Major characteristics of the district Hamirpur, contribution in the form of any historical figure associated with the district

By | June 24, 2020

People:

  • The district has a overwhelming Hindu population. However, a small fraction of Muslims, Sikhs, Jains and Christians also live in the district.
  • Of the majority of Hindus, Rajputs and Brahmins population is predominant. Caste/community-wise dispersion of the population in the entire district is almost even.
  • There are no exclusive pockets of this or that caste.
  • The Rajputs of the district take pride in enrolling themselves in the army.
  • This, indeed, has been the tradition since ancient days when all the Rajputs used to serve in the army of the princes of Kangra.
  • Ever-since, the tradition has been maintained even till today and the district has the maximum representation in the army, but still more is the tradition of maintaining the distinction of being warrior.
  • This is amply borne out by the Victoria Crosses the soldiers of the district had won during the imperial days and number of various other Medals won during the post independence period.

Art and Folklore:

  • The people inherit rich folk literature which is occasionally exhibited in the marriage, fairs and festivals.
  • In ‘Jatras’ young girls sing folk songs and a group folk song by men which is commonly known ‘Jheras’ which literally means battle or fight.
  • The most common ‘Jhera’ being ‘Googa Chauha’- a legendry hero who was supposed to have lived in olden days in Rajasthan area and saved many Hindus against the atrocities of Mohammadan invaders and the snake-bites by his supernatural power.
  • Men in the group of 5 to 10 sing songs of ‘Googa’ from door to door in the villages from ‘Raksha Bhandan’ onwards till Googanavami.
  • Other ‘Jheras’ sung in the district are Raja Sansar Chand, Raja Bhangal and Raja Sirmaur.
  • It is generally the elderly people who narrate the folk tales to the youngsters during the winter, sitting around the hearth even till today.
  • Other folk dances worth-mentioning are Gidha of women folk and Chanderwali dance of men folk.
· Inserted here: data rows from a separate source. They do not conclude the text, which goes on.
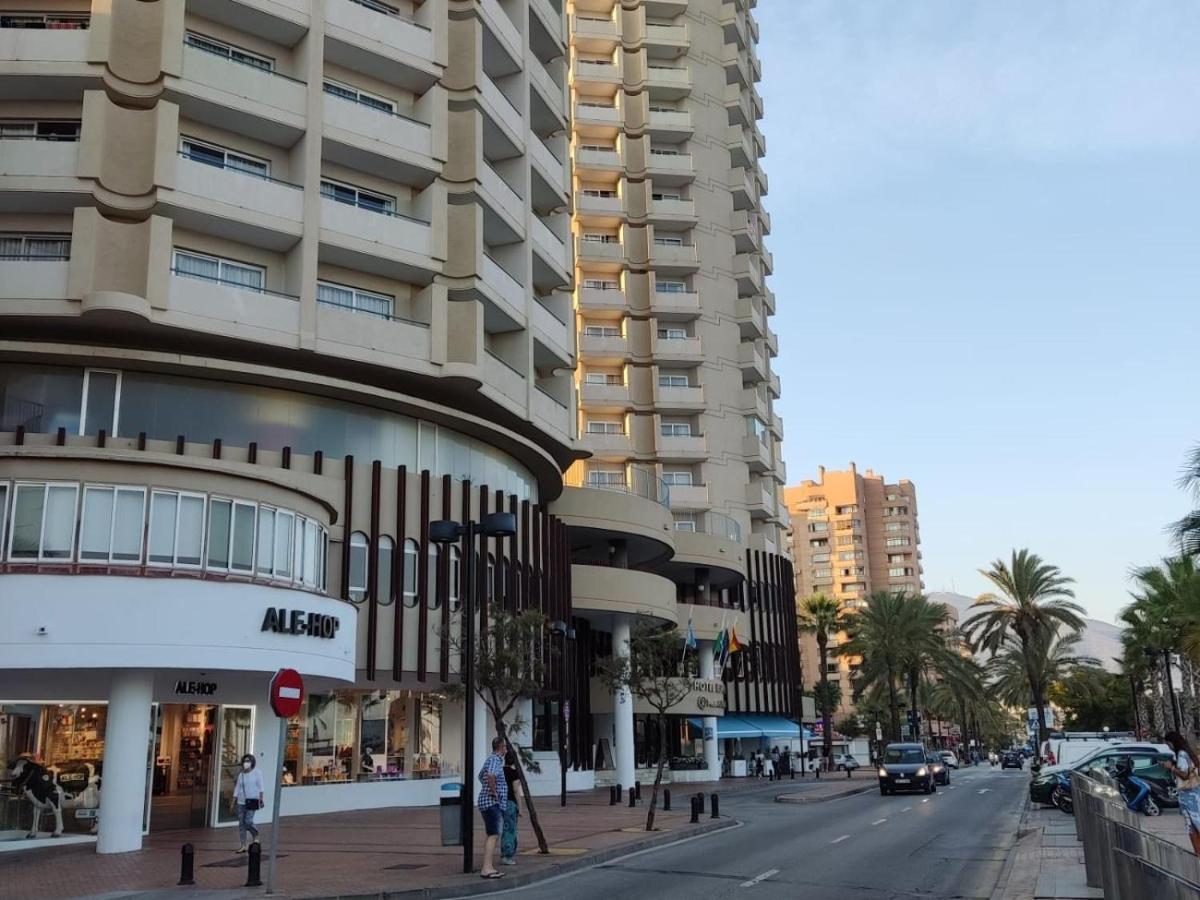 Apartamento En Cerca De La Playa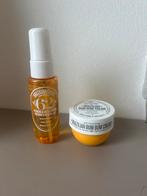 Sol de Janeiro '62 - bijna niet gebruikt!, Sieraden, Tassen en Uiterlijk, Uiterlijk | Lichaamsverzorging, Verzenden, Zo goed als nieuw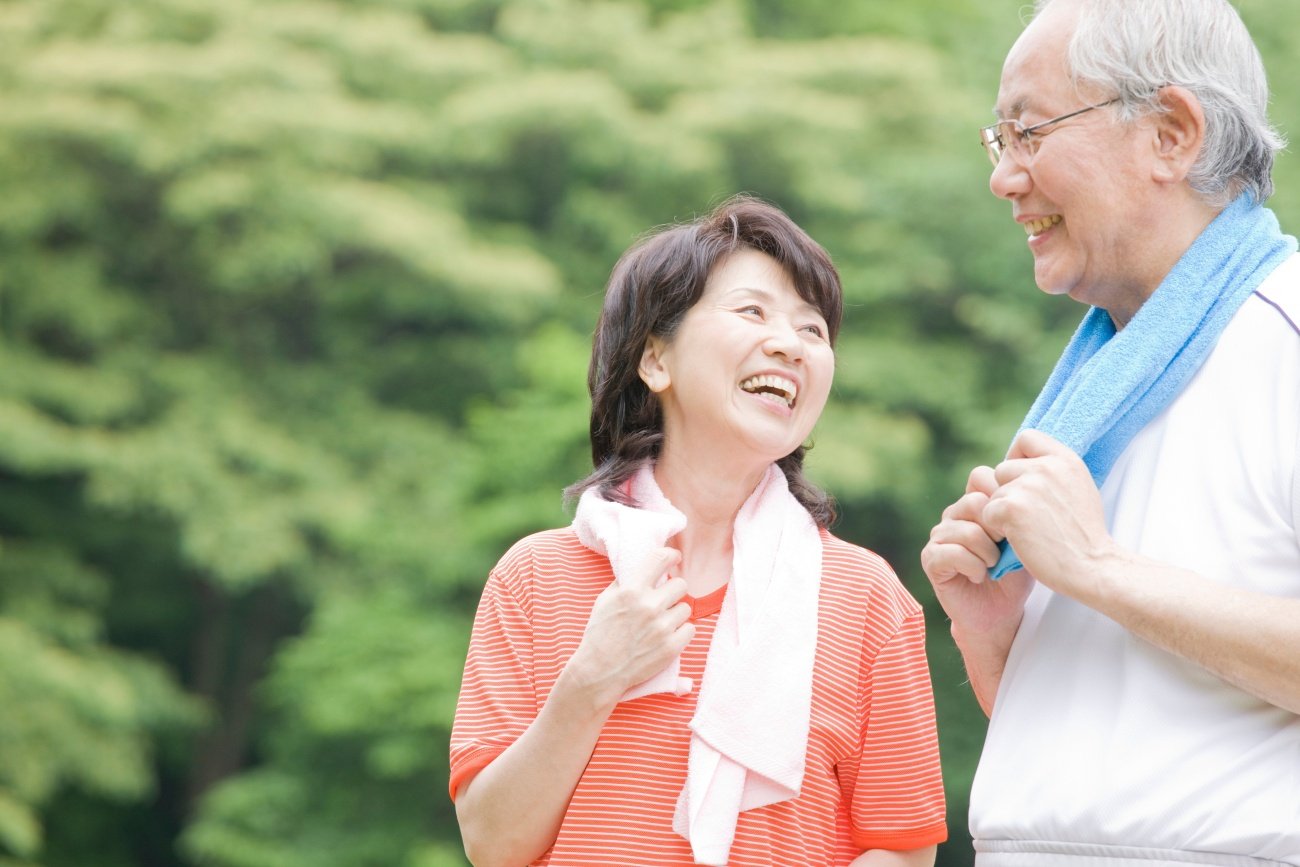 老後「いつもイライラする人」「心穏やかな人」の決定的な違い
The artistic talent of the district is very much exhibited in the construction of various temples, old
houses and palaces of the old capital town of Tira Sujanpur.

Raja Sansar Chand was considered to be the passionate lover of art right from his childhood and it was under his passionate patronage that Kangra paintings flourished during his time.
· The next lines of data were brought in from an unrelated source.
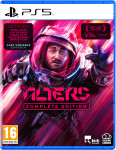 The Alters Complete Edition (PS5) - novo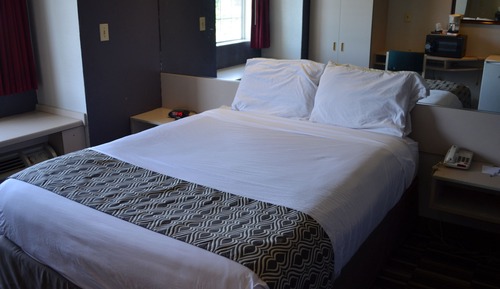 Suite, 1 Queen Bed, Non Smoking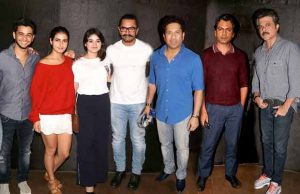 B-Town Touts Secret Superstar As A Heart Touching Film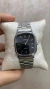 Casio A138 prata - Next Relógios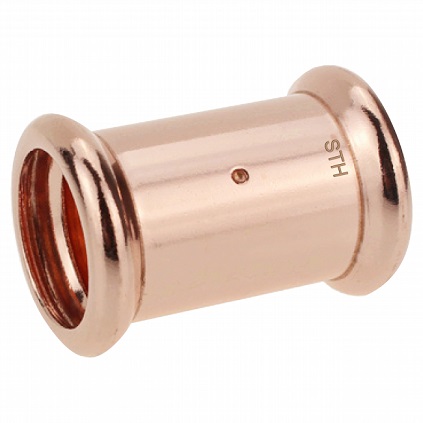 Pressfit Coupling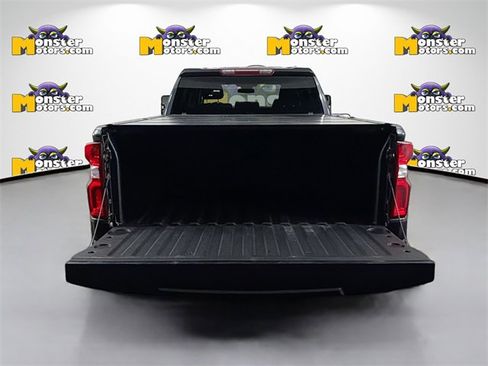 Used 2022 Chevrolet Silverado 1500 RST image 22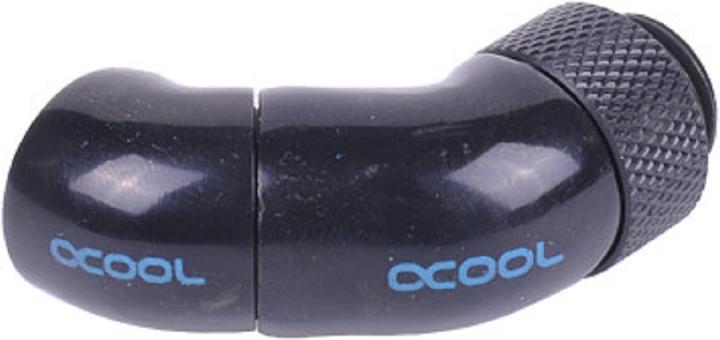 Produktbild Alphacool HF Winkeladapter
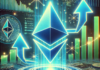Las nuevas direcciones de Ethereum tienen 200k: ¿Qué hay detrás del enorme pico?
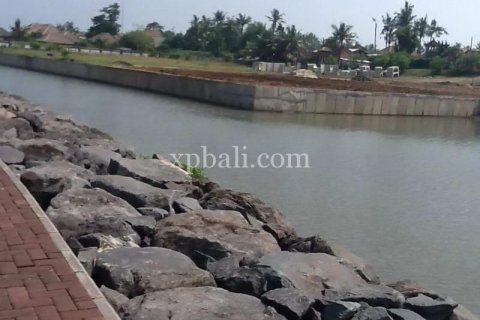 2221m2 Land in Gianyar, Indonesia No. 395 7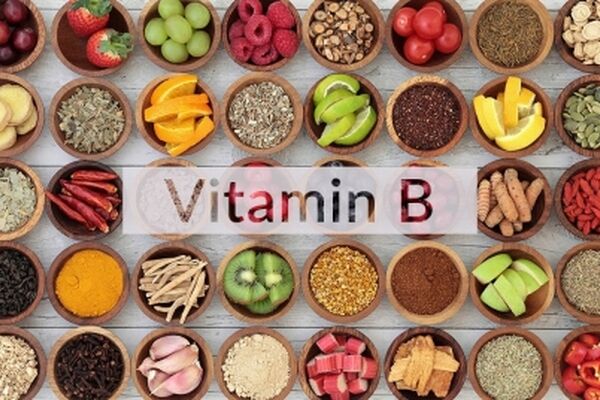 کمبود ویتامین B چه عوارضی دارد؟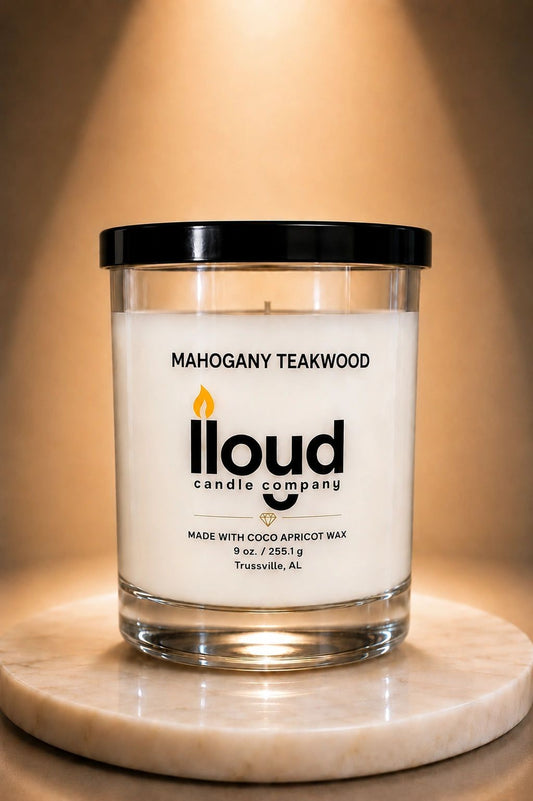 Mahogany Teakwood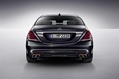 Mercedes-Benz S 600 (W 222) 2013 Mercedes-Benz S 600 (W 222) 2013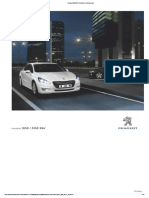 Peugeot | PDF | Screw | Motor Vehicle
He constructed his palace at Tira Sujanpur with 22 gates meant for the entrance of 22 chiefs who used to pay tribute to him.
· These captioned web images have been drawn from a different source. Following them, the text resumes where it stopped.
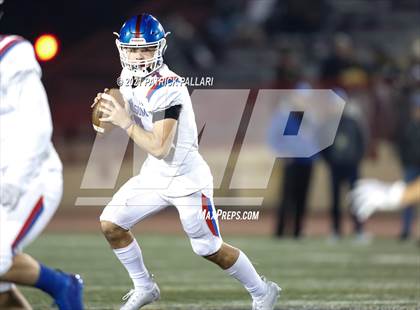 Thumbnail 3 in Folsom @ Rocklin (CIF SJS D1 Finals) photogallery.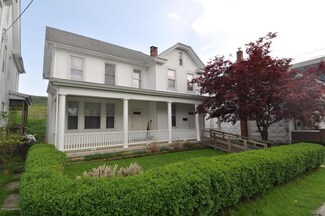 510 Center St, Jim Thorpe, PA 18229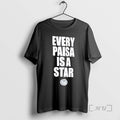 Officials Every Paisa Is Star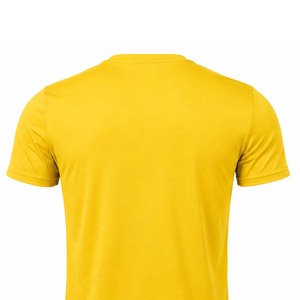 <b>Men</b> Gym T Shirt Soft <b>Stretch</b> Quick Dry Training Tee Breathable Fitness Workout Sportswear Custom Logo Custom Activewear Supplier - Product Image 6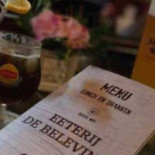 Eeterij De Beleving Bij De Noordwijkse Duinen Nourriture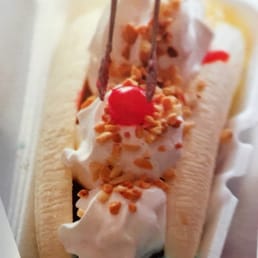 Banana Split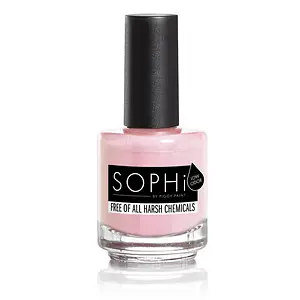 Sophi Nail Polish Morning Kisses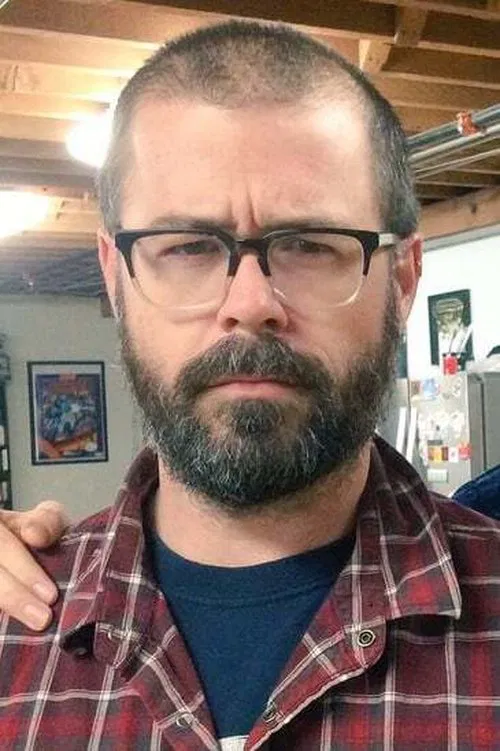 Brent Lilley profile picture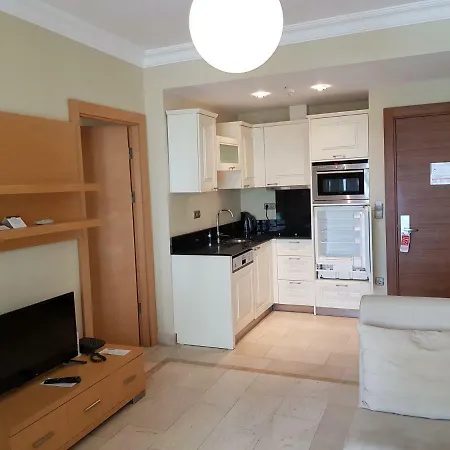 Apartment Gold City And Kargicak (Alanya)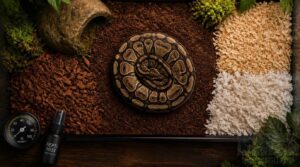 best safe bedding options for ball pythons best safe bedding options for ball pythons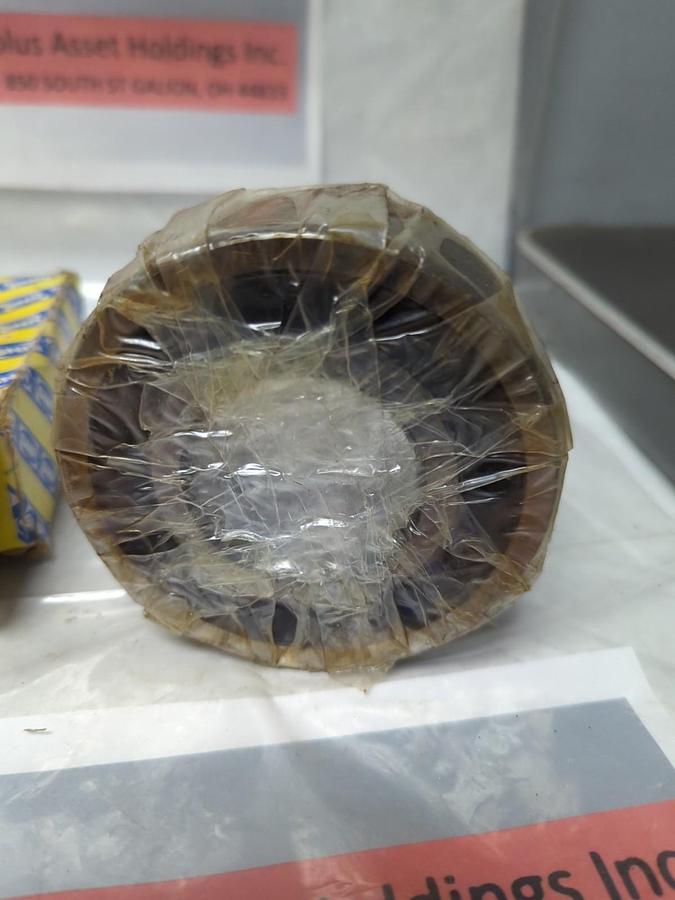 SNR,5309.EE,DOUBLE ROW SEALED ROLLER BEARING NOS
The temples of Narvdeshwar, Gaurishankar, and Murlimanohar built by him are some of the living examples of the artistic talent of the people of the district.

Above all, the world-famous Kangra paintings, indeed, were patronized by no other than by Raja Sansar Chand of Tira Sujanpur. It is because of these paintings that even till today the obscure places like Tira Sujanpur and Nadaun scintillate in the annals of the history of pahari paintings.

Language:

  • Bulk of the people speak pahari which, indeed, is akin to other dialects spoken in Mandi and Bilaspur areas and the Kangri spoken in Kangra district.
  • The accent of the language vary after every 10-15 kms. even within the district. Hamirpur, as the highest literate district, its bulk of the population fluently speak Hindi.
  • There is no such language like community language and all castes who live in the district speak the same language.

Dress:

  • The common dress of the district is Kameez and pyjama.
  • Mostly elderly people use turban as headgear or Gandhi cap.
  • The women wear Kameez Salwar and Chadroo.
  • But, with the spread of education and consequent greater mobility in society, there is a tremendous outside influence on the dress of the people.

Among the younger population, it is common to find the latest modern dresses of the cities. Ladies still have the liking for ornaments of which most common are ‘NATH’ and ‘TIKKA’.

Food Habits:

  • Rural population is mainly dependent on agriculture and grow various crops such as wheat, barley, gram, masur in ‘Rabi’ season.
  • Maize, paddy, black grams and kulth etc. in the ‘Kharif’ season.
  • People like wheat, rice as well as maize ‘roties’ with ‘lassi’, and ‘sarson-ka-sag’.
  • They also like curry. Some people also eat meat and drink.
  • Fish is easily available in the rivers, khads and nallahs which flow through the district.
  • Population living in rural area keep goats and sheep and some people in rural as well as in urban areas are also running poultry farms which easily meet the demand of district.
  • To meet the heavy demand of the fish in the urban areas, Fishery Department also imports the fish from neighbouring districts of Bilaspur and Una.
  • The population of district is mixed of vegetarian and non-vegetarian.

Contribution of the district in the form of any historical figure:

  1. The district is called “The Land of Bravemen”. A large number of youths of District are serving in the Indian Army.
  2. The famous ancient Sidh Baba Balak Nath Temple is situated in the district.
  3. The district occupies top position with a literacy rate of 88.15 percent in the state.